- Contributed by
- People in story:
- Capt John and his son Hendry Summers
- Location of story:
- DD Landing
- Article ID:
- Contributed on:
- 24 January 2004
My grandfather, Captain John Summers, was the master of the MV Dawlish, a coastal vessel requisitioned for use in the landings. In 1944, he was 70, and my grandmother insisted that one of his sons (all merchant seamen) sail with him. My dad, Hendry Summers, volunteered.
They sailed from the south coast (Littlehampton, we believe) and arrived on the beaches on D-Day+2 (8 June). Grandad was told by the beach master to unload his cargo ‘as close in as possible’ and joked that it would be preferable to have it ‘a few fields back’.
Dad was ship’s cook. He told many tales of exchanging food, mainly with Americans, and bartering other supplies.
We understand that they made several passages between England and France. At some point they were asked to negotiate the Caen Canal. This was a difficult task as a boat had been sunk close to its entrance.
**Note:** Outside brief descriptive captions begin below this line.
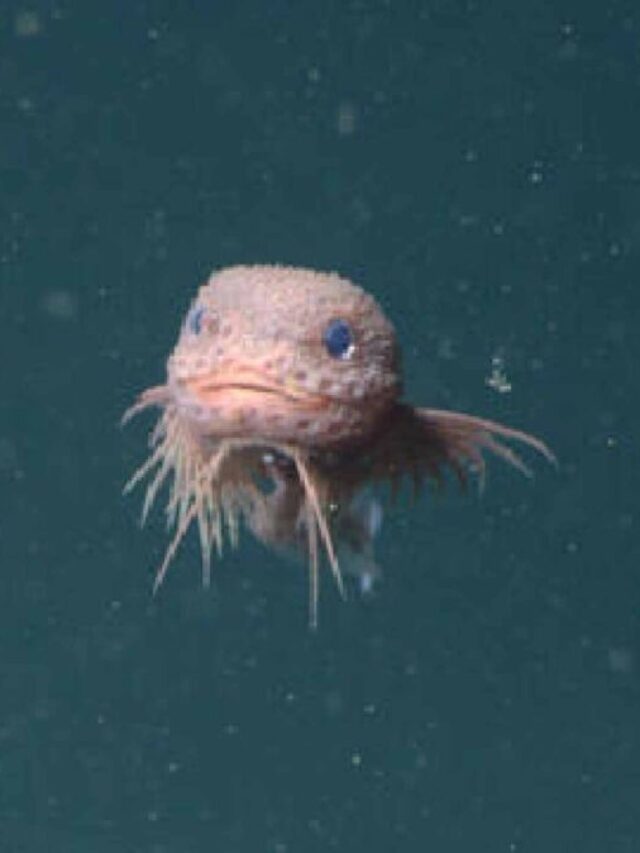 Pink ‘Smiley’ Fish Found 13,000 Feet Below Ocean Surface – What Secrets Do They Hold?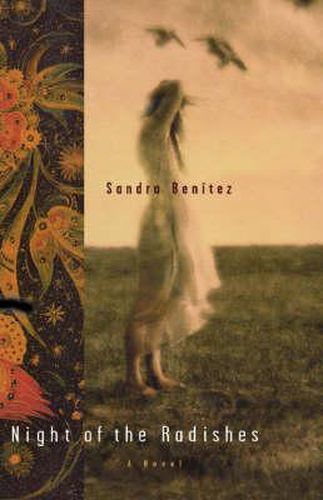 Cover image for Night of the Radishes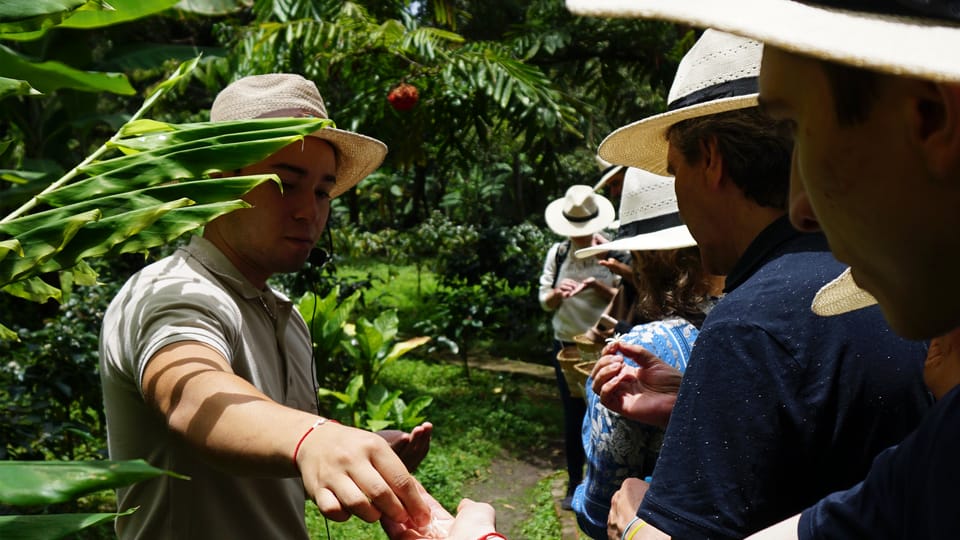 Descubre los secretos del Cafe, Cacao y Cascada en Minca - Housity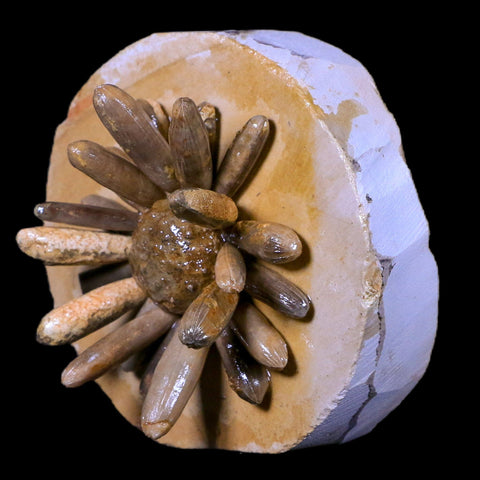 2.6" Highly Detailed Asterocidaris Sea Urchin Fossil Echinoid Boulmane Morocco - Fossil Age Minerals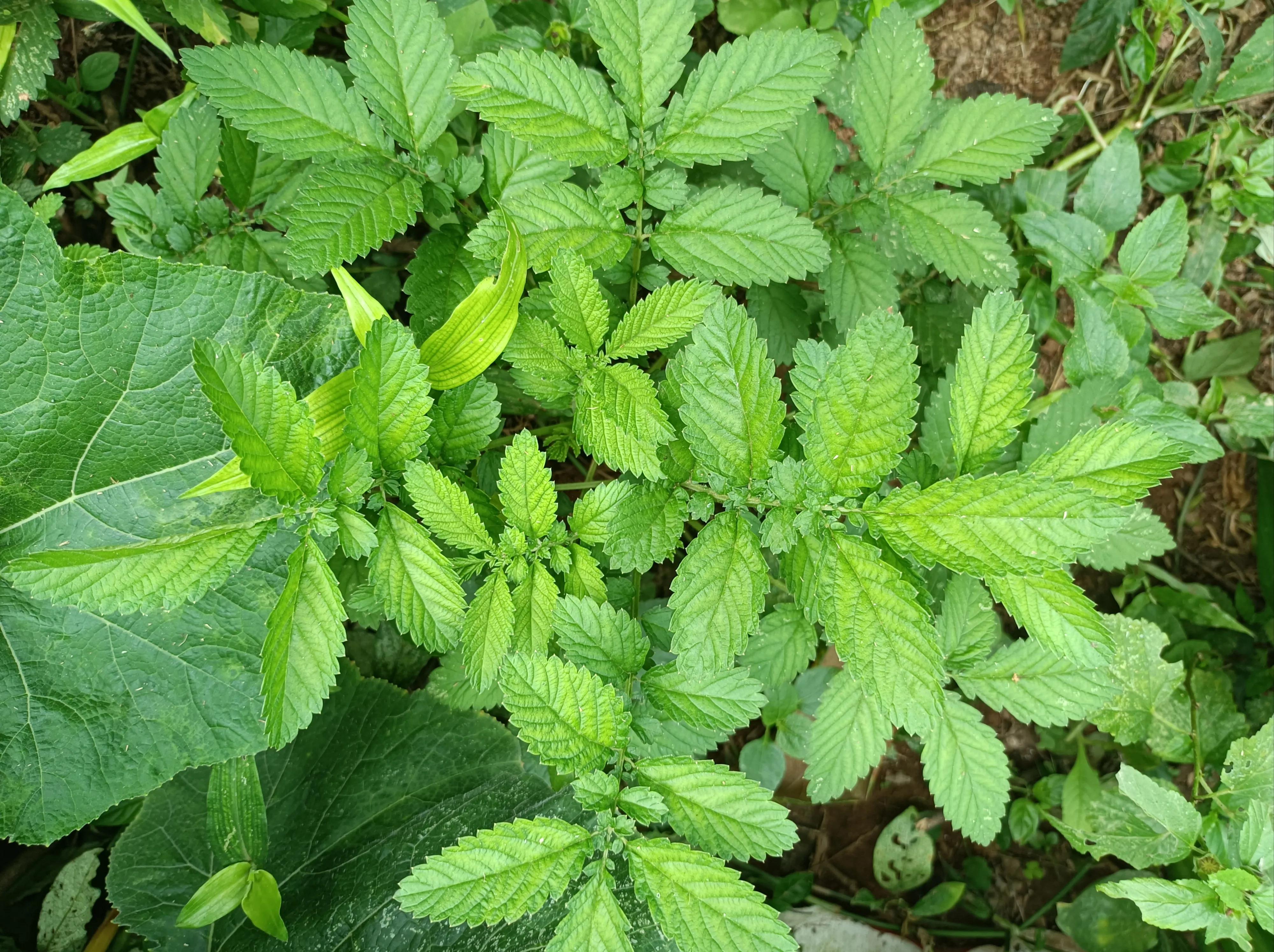 农村常见的仙鹤草，老人称为“脱力草”，在过去帮助过很多人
However, Grandad, we were told, undertook a fantastic piece of seamanship. Using winches, he manoeuvred the Dawlish around the obstruction. They were the first vessel to sail up the canal.
Grandad was subsequently interviewed by the BBC, when it was claimed that, at the age of 70, he was the oldest man in the invasion.
Ran into a storm
On their final run home, they hit a huge storm on the Channel Islands’ side of the Cherbourg peninsula. The storm lasted hours, and as a result they were going full steam ahead but only maintaining their position.
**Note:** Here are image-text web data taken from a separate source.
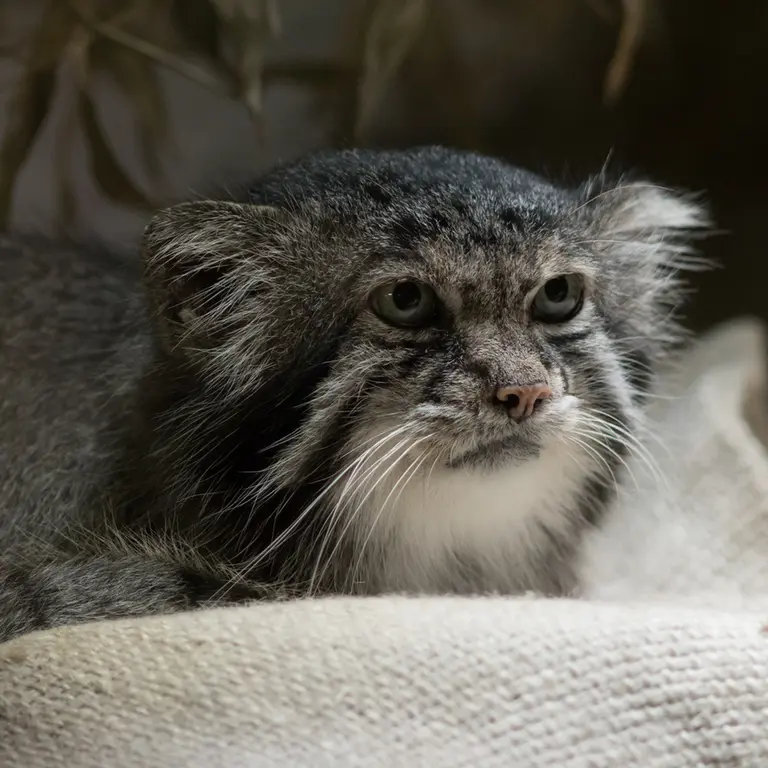 A photograph of Klyon in Ueno Zoological Gardens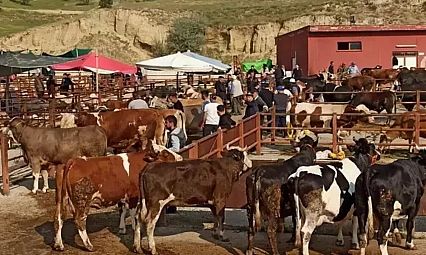 Elazığ'da hayvan pazarları ikinci bir emre kadar kapatıldı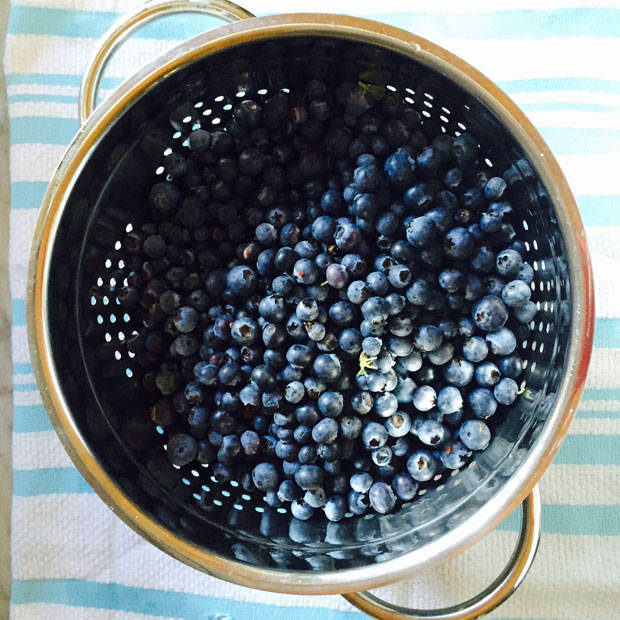 fresh picked blueberries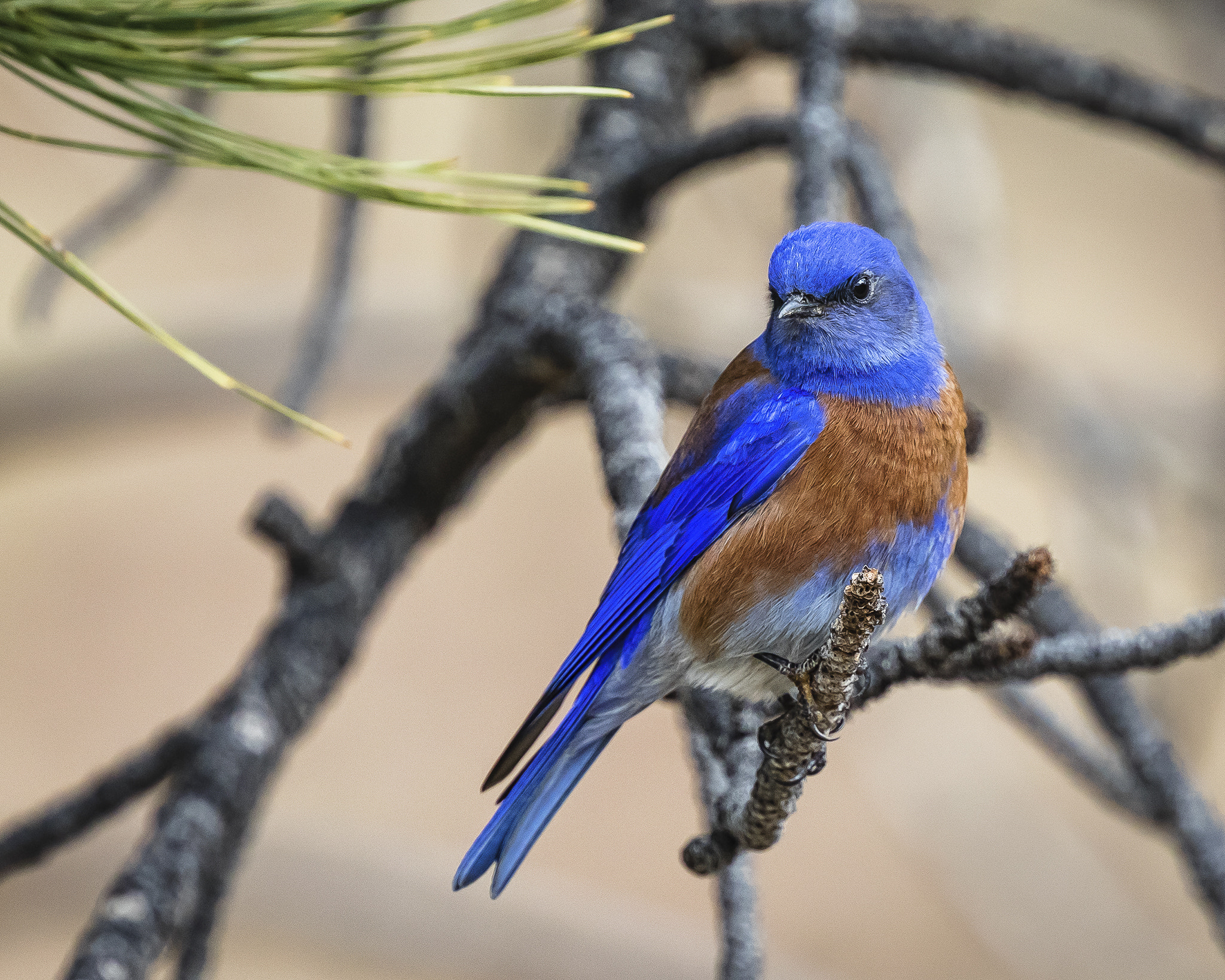 Canon EOS 5D Mark IV sample photo. Western bluebird, male photography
Grandad said the boat was old and was ‘popping rivets’. It was not strong enough to see out the storm. He made a decision therefore to cross the unswept Channel.
Dad was on watch, and all doors were put on catch. All the men were given a life jacket, and they turned the ship for home. Unbeknown to them at the time, they were followed by two other ships.
We believe they sailed into Plymouth, where Grandad was reported to the authorities for crossing an unswept mine field. He was threatened with a Board of Enquiry. However, he declared that, at 70, he never intended to go back to sea, so they could do as they wished.
Eventually, though, all charges were dropped. The captains of the two, following vessels explained that Grandad had ‘saved their lives and those of their crews by guiding them through a minefield’.